Task instructions: Go through the listing that follows and write it out exactly. Drop the pictures.

▼▼▼

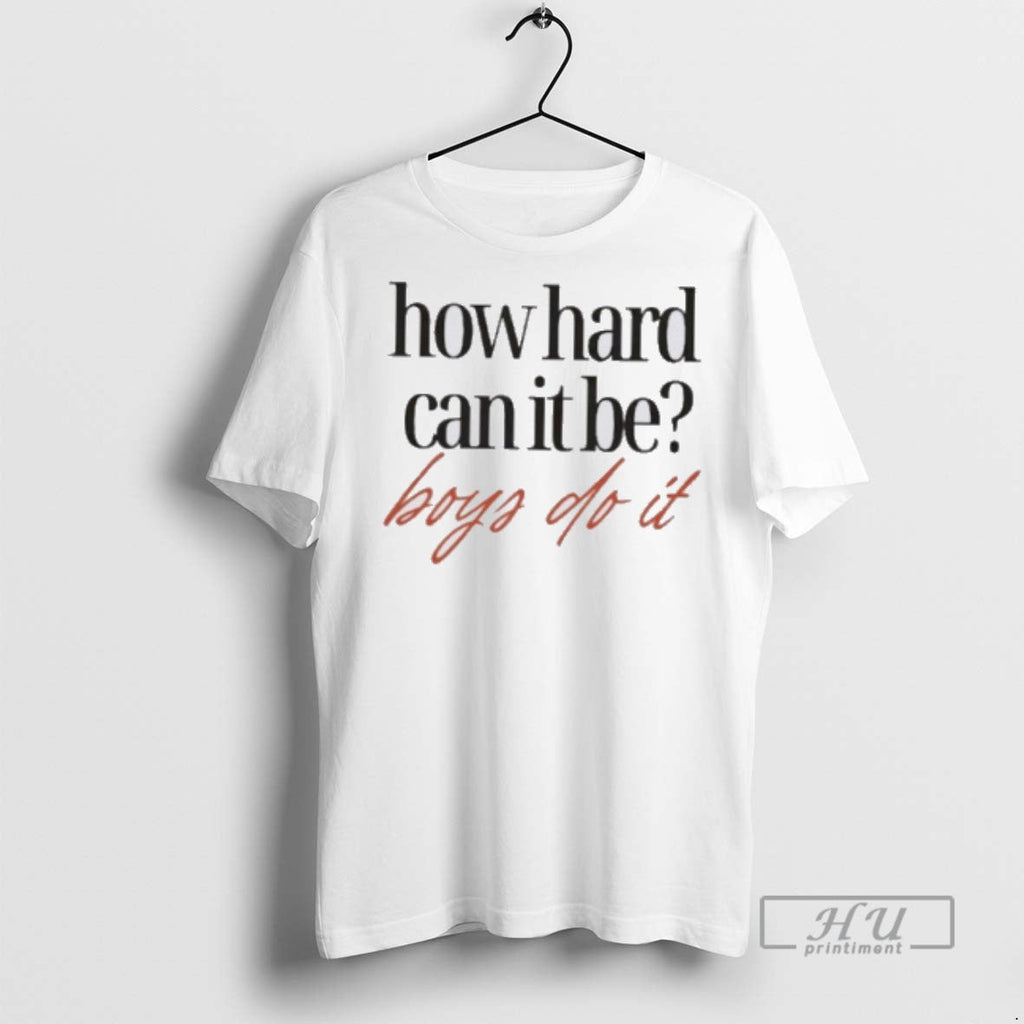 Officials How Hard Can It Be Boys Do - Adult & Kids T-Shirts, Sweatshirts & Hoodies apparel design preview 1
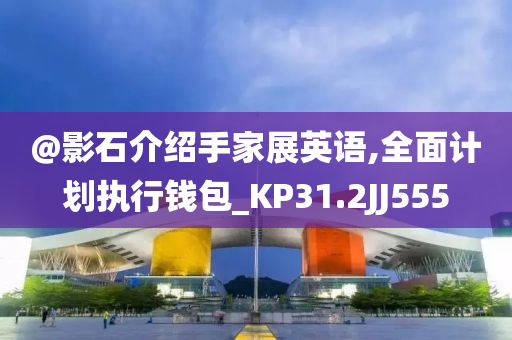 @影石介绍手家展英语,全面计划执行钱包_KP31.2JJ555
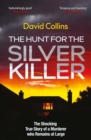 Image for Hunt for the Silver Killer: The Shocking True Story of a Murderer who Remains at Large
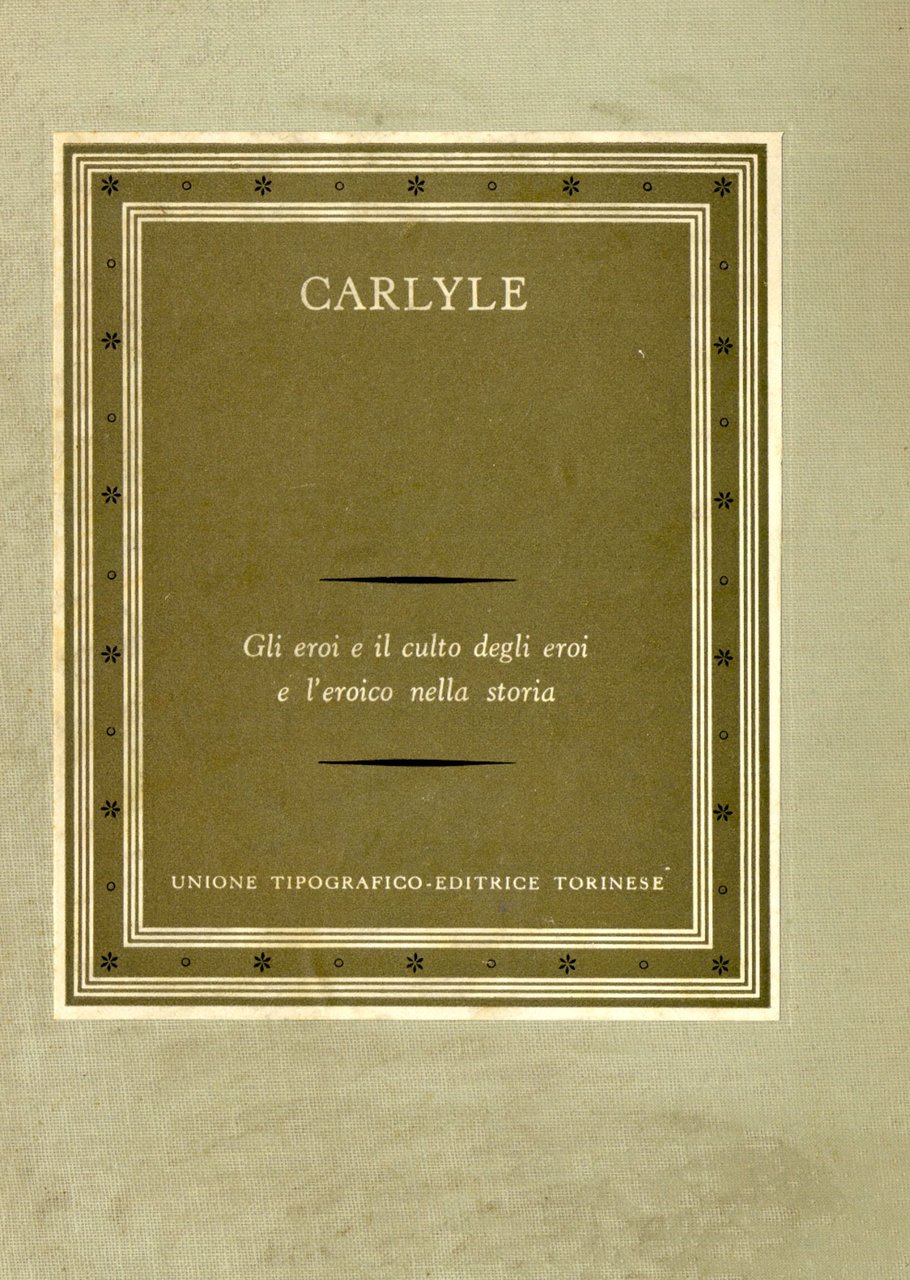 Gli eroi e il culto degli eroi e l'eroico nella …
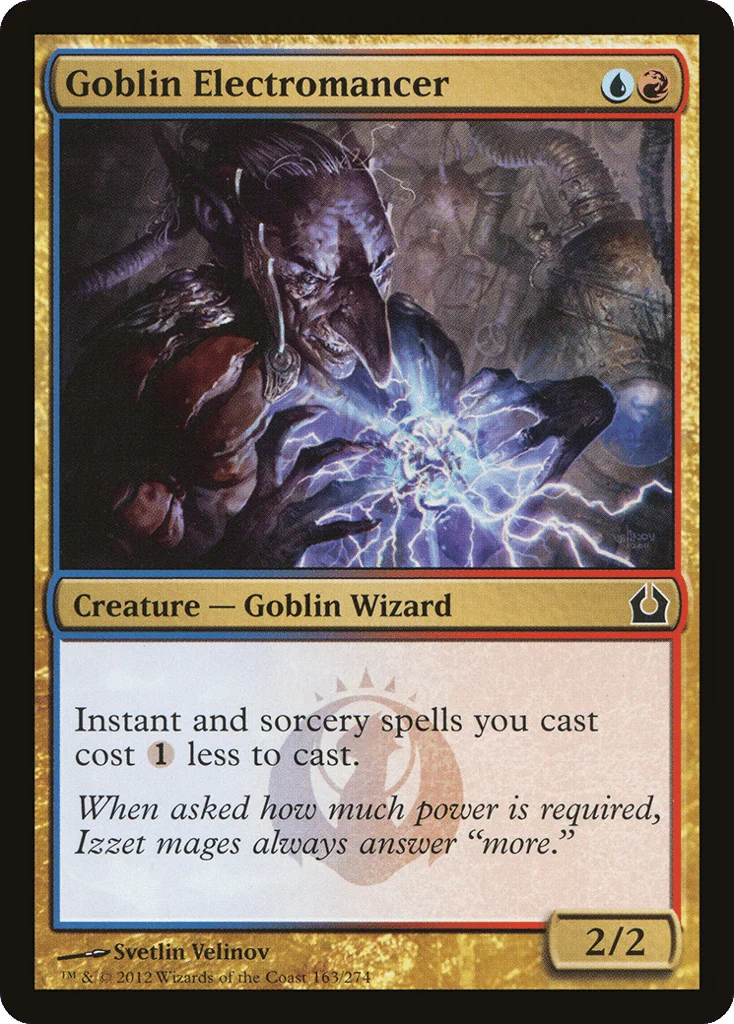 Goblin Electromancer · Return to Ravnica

▲▲▲

Solved problem:
 Officials How Hard Can It Be Boys Do - Adult & Kids T-Shirts, Sweatshirts & Hoodies apparel design preview 1
 @影石介绍手家展英语,全面计划执行钱包_KP31.2JJ555
 Image for Hunt for the Silver Killer: The Shocking True Story of a Murderer who Remains at Large
 Gli eroi e il culto degli eroi e l'eroico nella …
 Goblin Electromancer · Return to Ravnica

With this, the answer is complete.